Janis and her uncle Gil the shrimp basket (all baskets are hand breaded and come with French fries at hand coleslaw with plenty of tartar sauce and lemon. The shrimp baskets are $12.50 ) the meal is served in a wicker basket. It consisted of about 15 pieces of breaded fried shrimp, a generous serving of French fries, coleslaw, a lemon wedge and a portion of cocktail sauce. Both Janis and Gil enjoy their meal very much. They finished their order and said it was very good.
I ordered the Scallops Basket (all baskets are hand breaded and come with French fries and coleslaw with plenty of tartar sauce and lemon. The scallops basket costs $12.95) the order comes with about 30 small breaded and fried scallops, a generous serving of French fries, a side of coleslaw a slice of lemon and a portion of cocktail sauce. The coleslaw were crispy fresh cabbage with a tangy sweet dressing not to wet not to dry. It made a nice accompaniment for the scallops. The French fries were cooked a nice golden brown, were piping hot and delicious. The scallops were nicely cooked a nice golden brown. They were not overcooked and still had good texture the betting was light so you could taste scallops and not just fried dough. I was very satisfied with meal. It was served hot and was of ample proportion to satisfy my appetite. I definitely would consider ordering this dish again should I have the pleasure of dining at the pub in the future.
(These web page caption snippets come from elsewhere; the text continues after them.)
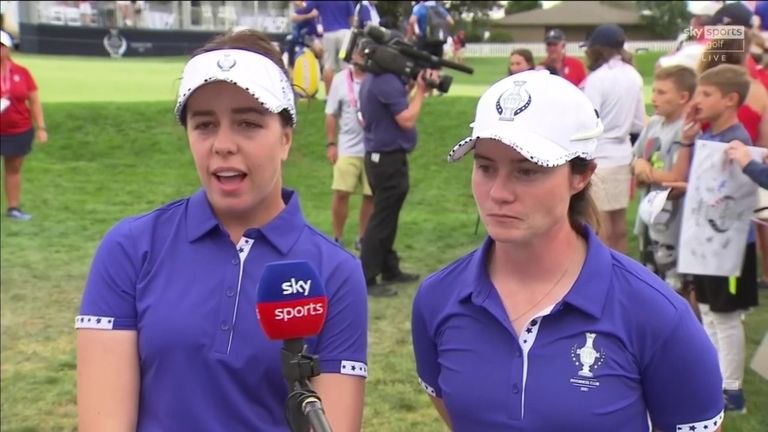 Georgia Hall and Leona Maguire discuss continuing their unbeaten starts to the Solheim Cup with a narrow victory over Brittany Altomare and Yealimi Noh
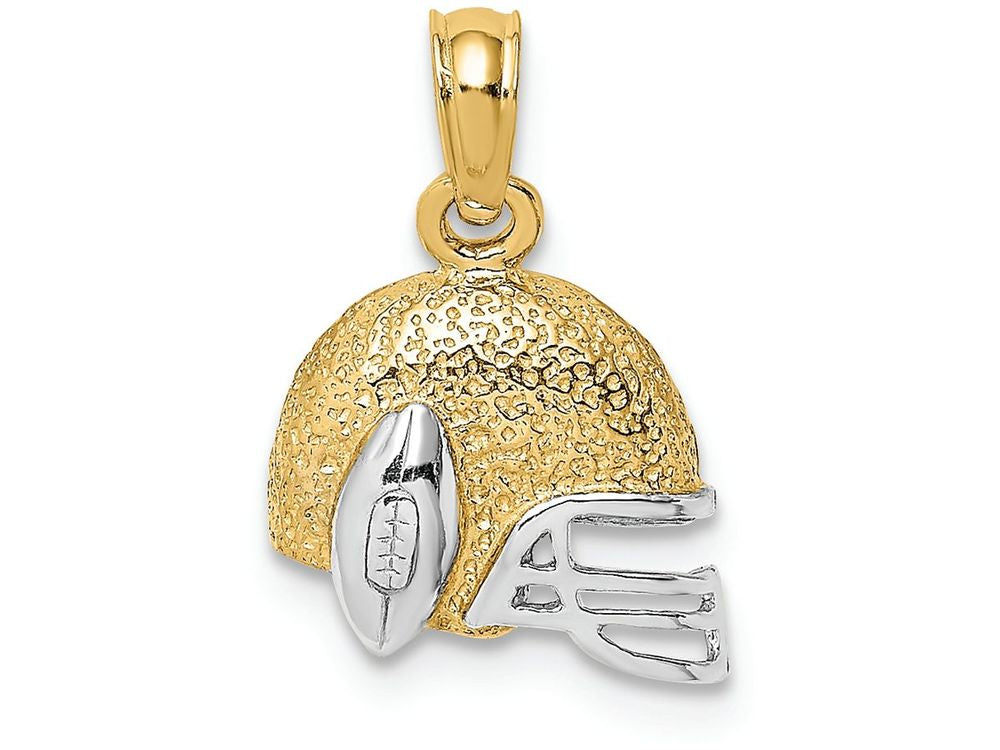 FJC Finejewelers 14k Yellow Gold with with Rhodium Football Helmet Ball Face Mask Charm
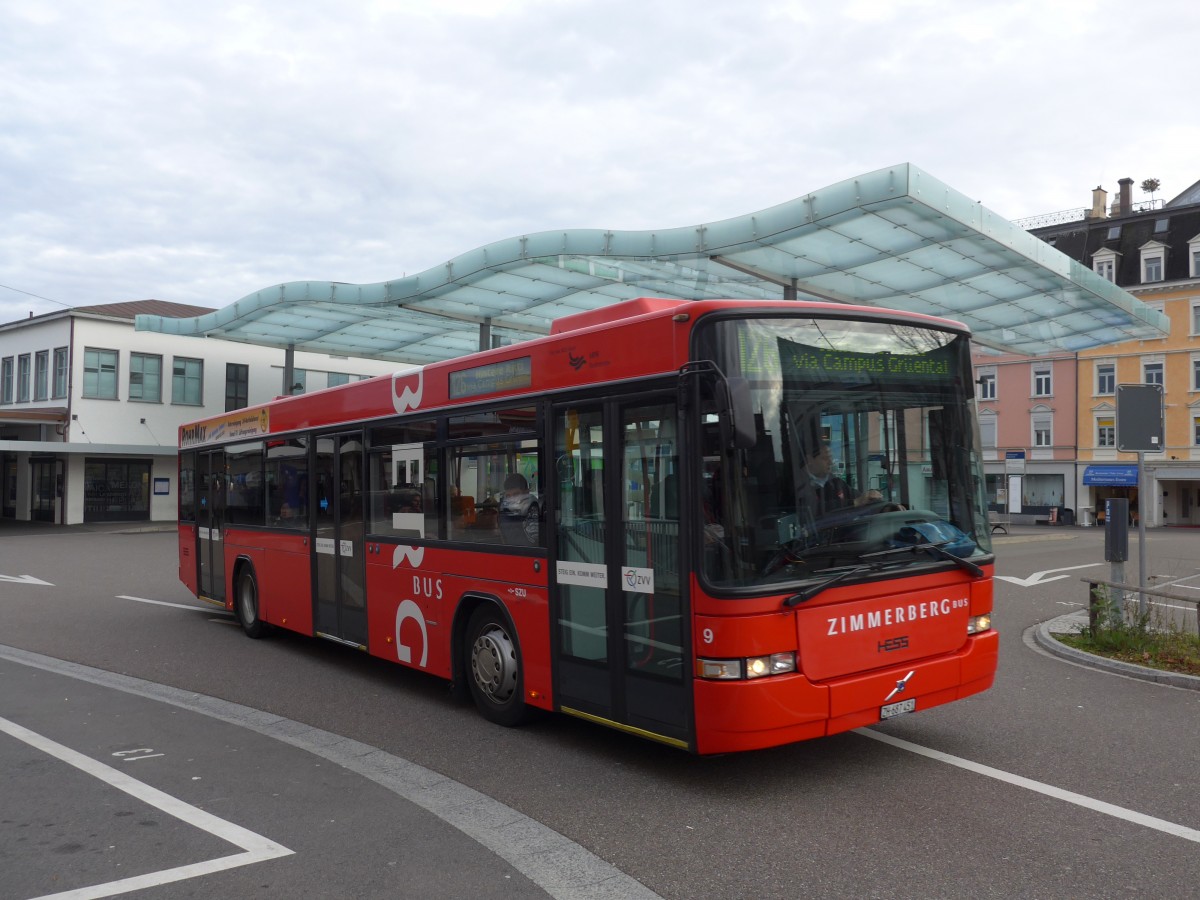 (157'794) - AHW Horgen - Nr. 9/ZH 687'451 - Volvo/Hess am 14. Dezember 2014 beim Bahnhof W�denswil
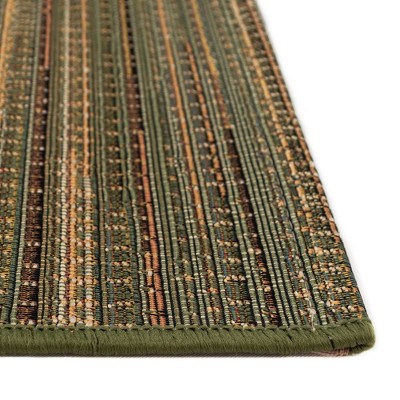 Green and Beige Flat Woven Striped Indoor/Outdoor Rug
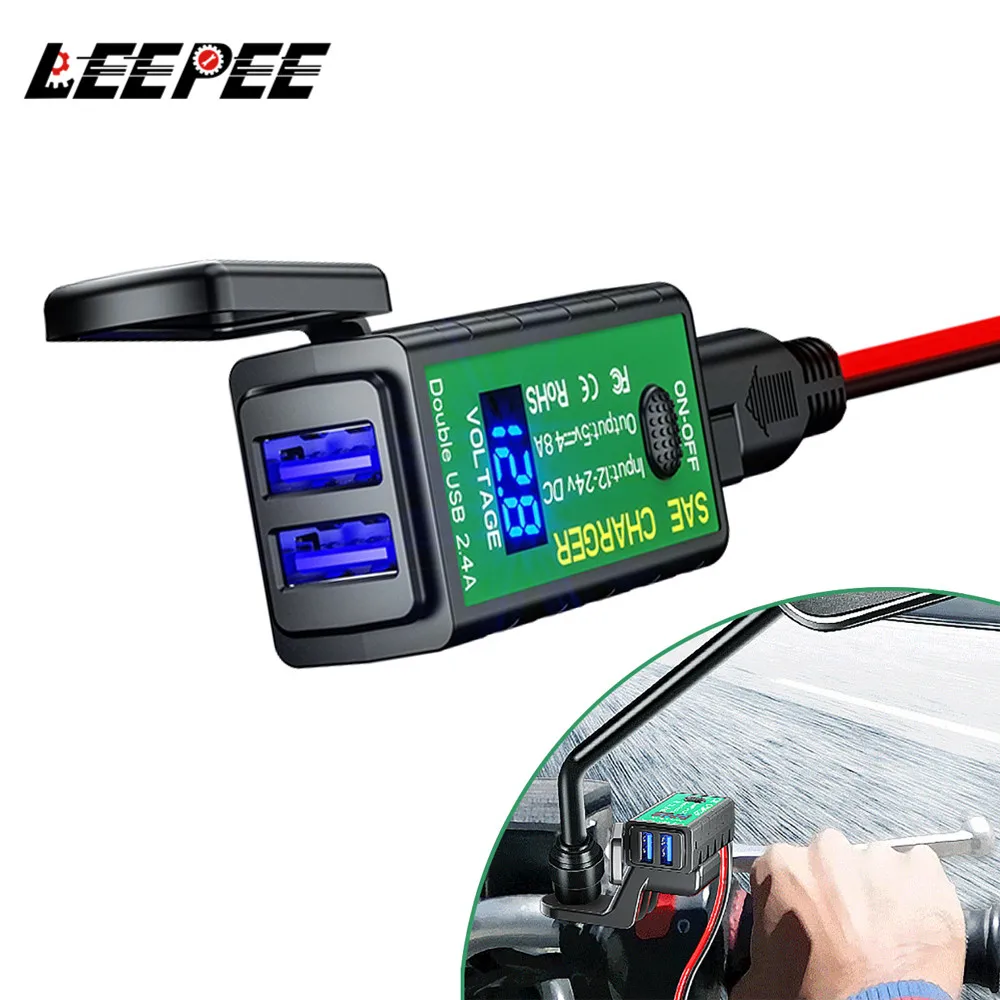 LEEPEE Motorcycle USB Chargers 3.1A/4.8A TYPE-C with Voltmeter On/Off Switch for Phone 12V SAE to Dual USB Fast Charging Adapter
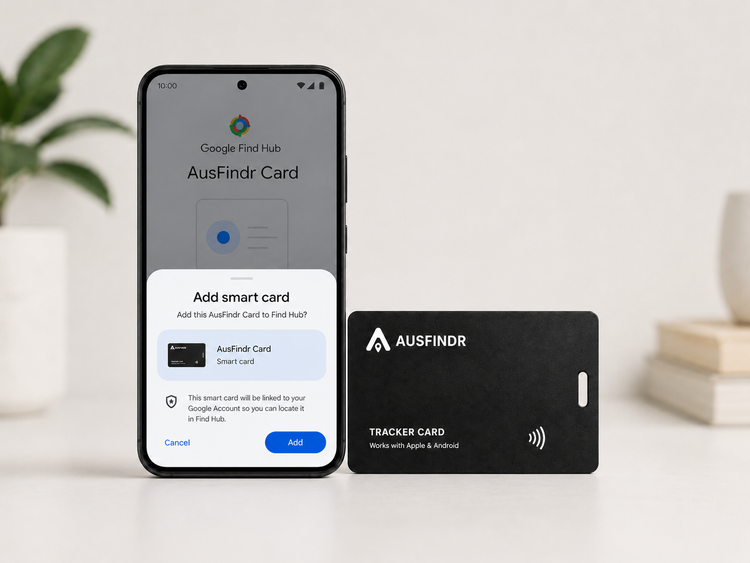 Smartphone displaying the AusFindr app with a tracker card on a light background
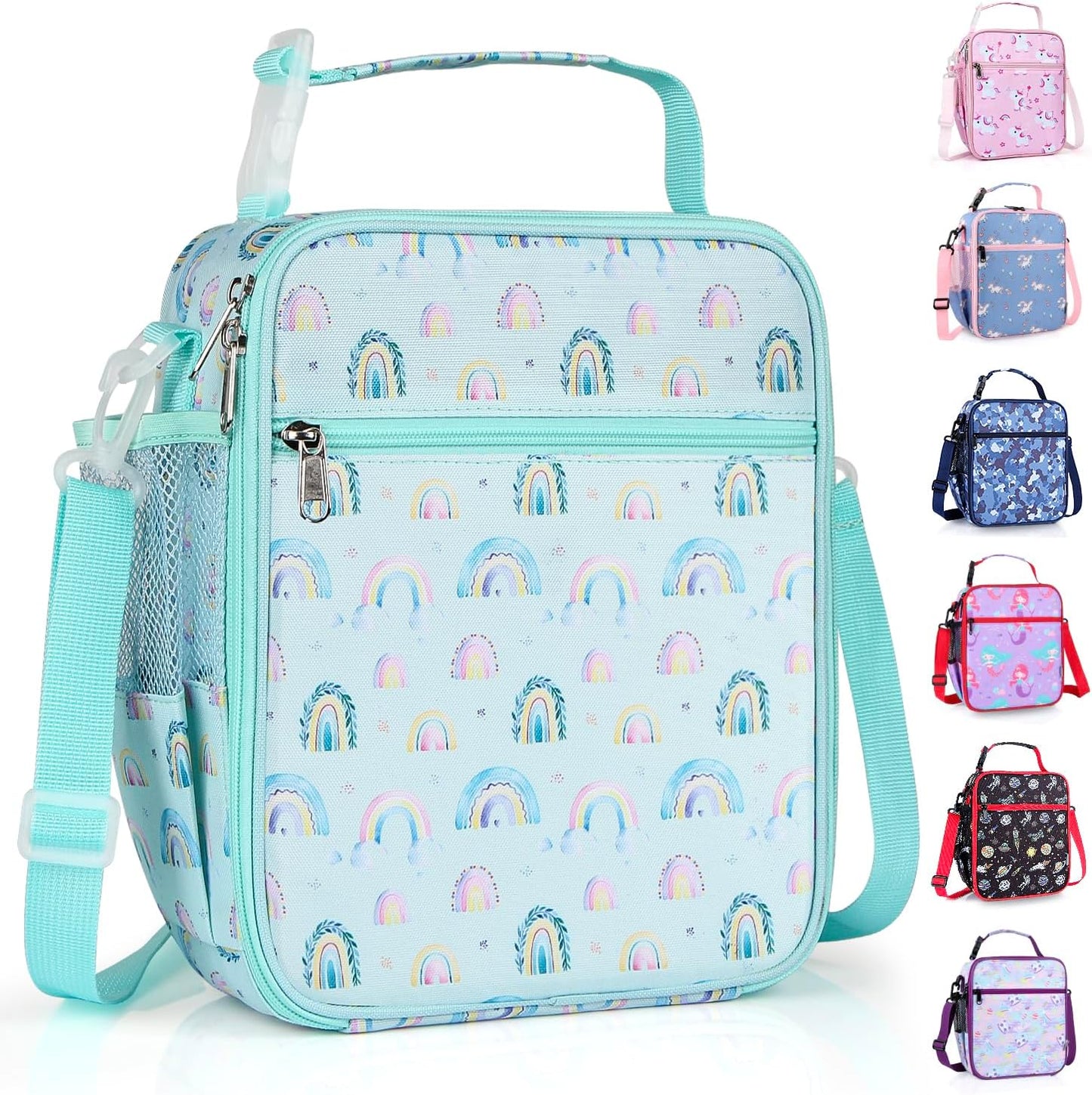 Kids Insulated Lunch Box Bag, Thermal Picnic Cool Bags with Adjustable Strap for Adults Children Women Men Boys Girls School Work (CAM-Blue)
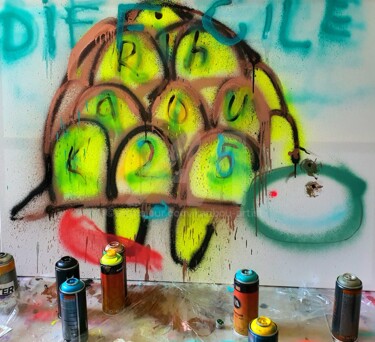 Arte digital titulada "Turtle 🐢 lettering" por Karibou Artist, Obra de arte original, Aerosol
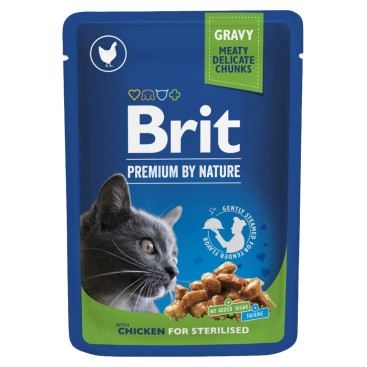BRIT PREMIUM CAT STERILISED σε σάλτσα με Κοτόπουλο 100GR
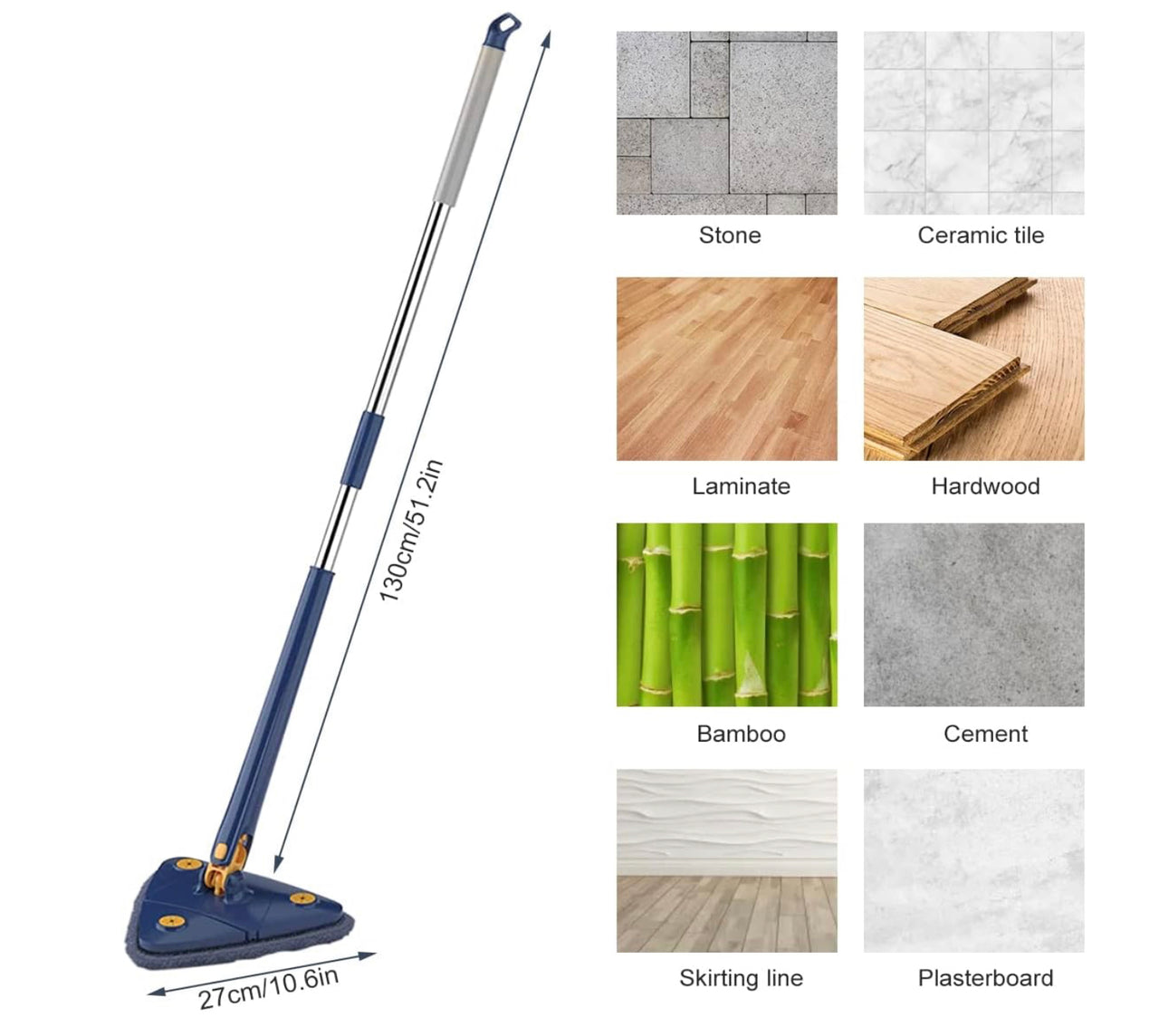 Cleaning Mop 360° Rotatable Triangular Mop Foldable Automatic Water Squeezing Wall Cleaning Mop Super Water Absorption Mop with 2 Replacement Mop Cloth for Floor Wall Window Cleaning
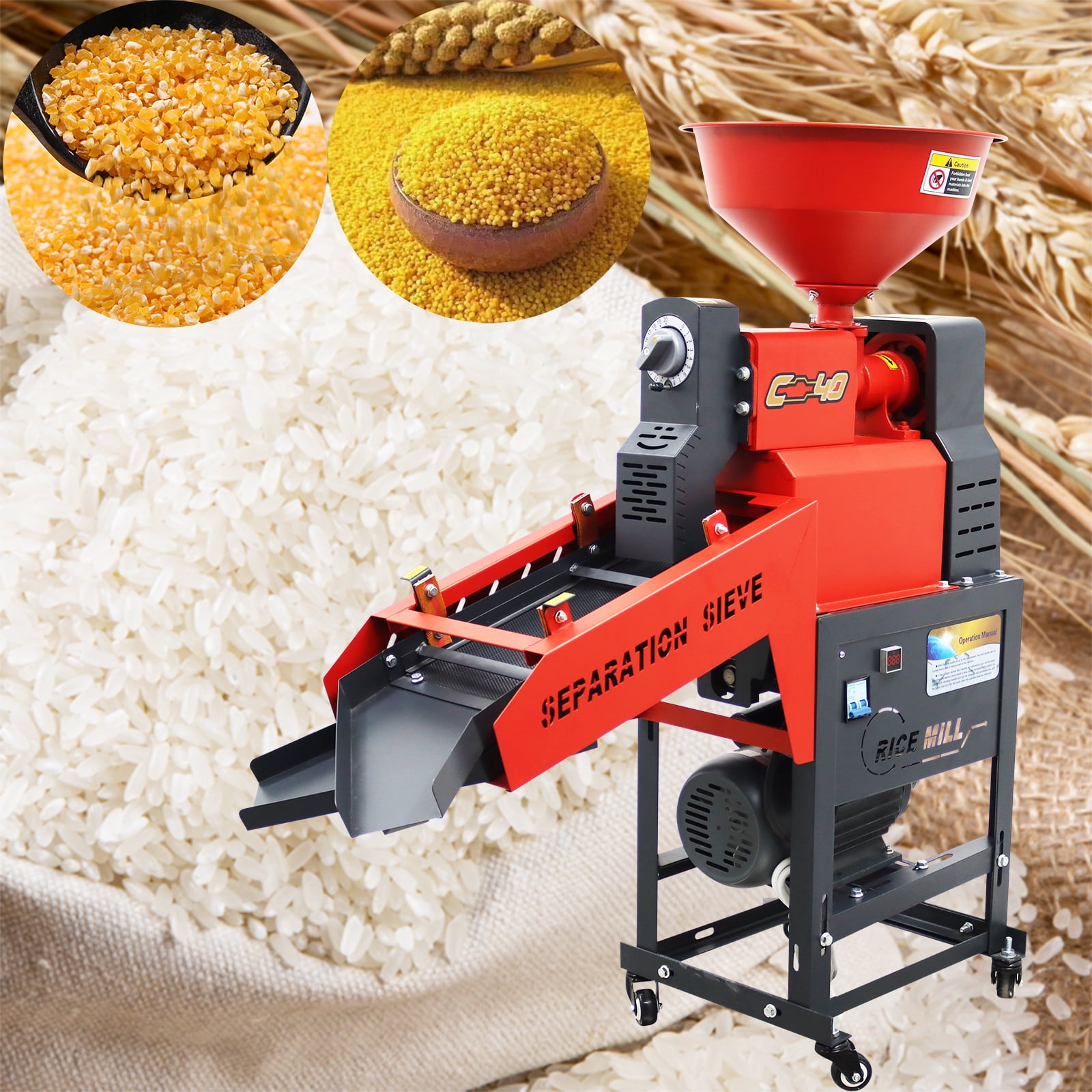 130-170KG/H Rice Mill Machine Multi-layer Vibrating Screen Farm Commercial 220V 1.8KW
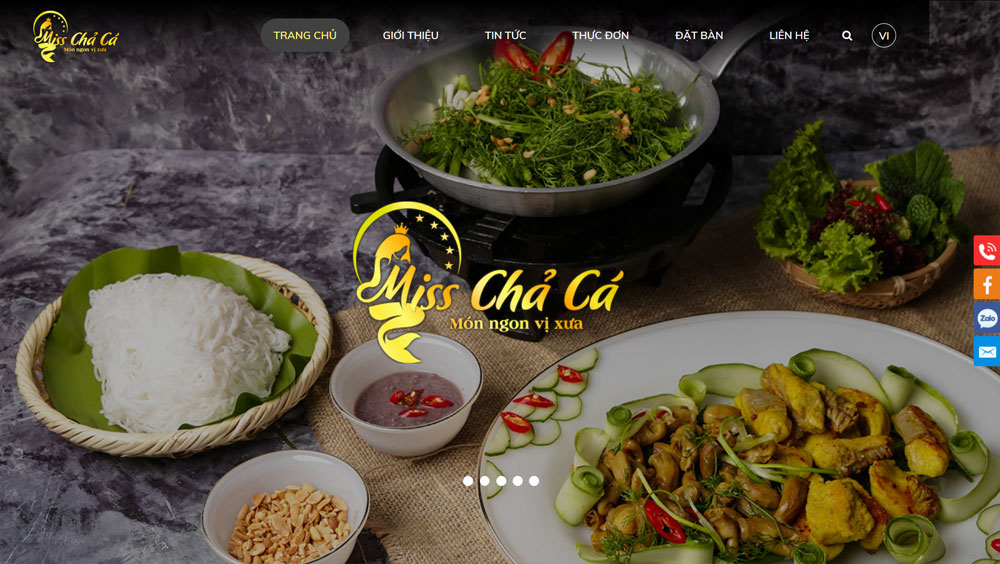 Giao diện trang web nhà hàng ẩm thực Miss chả cá thiết kế tại ADC Việt Nam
Overall, the restaurant was neat and clean, the service was courteous and quick, and it was a pleasure to be able to look out over the Intracoastal Waterway while we waited for our order to be served. Had I been dining alone, I would have found the food delicious and worthy of another visit. The fact that we were dining with family made it an even more special event and added to the enjoyment of the day.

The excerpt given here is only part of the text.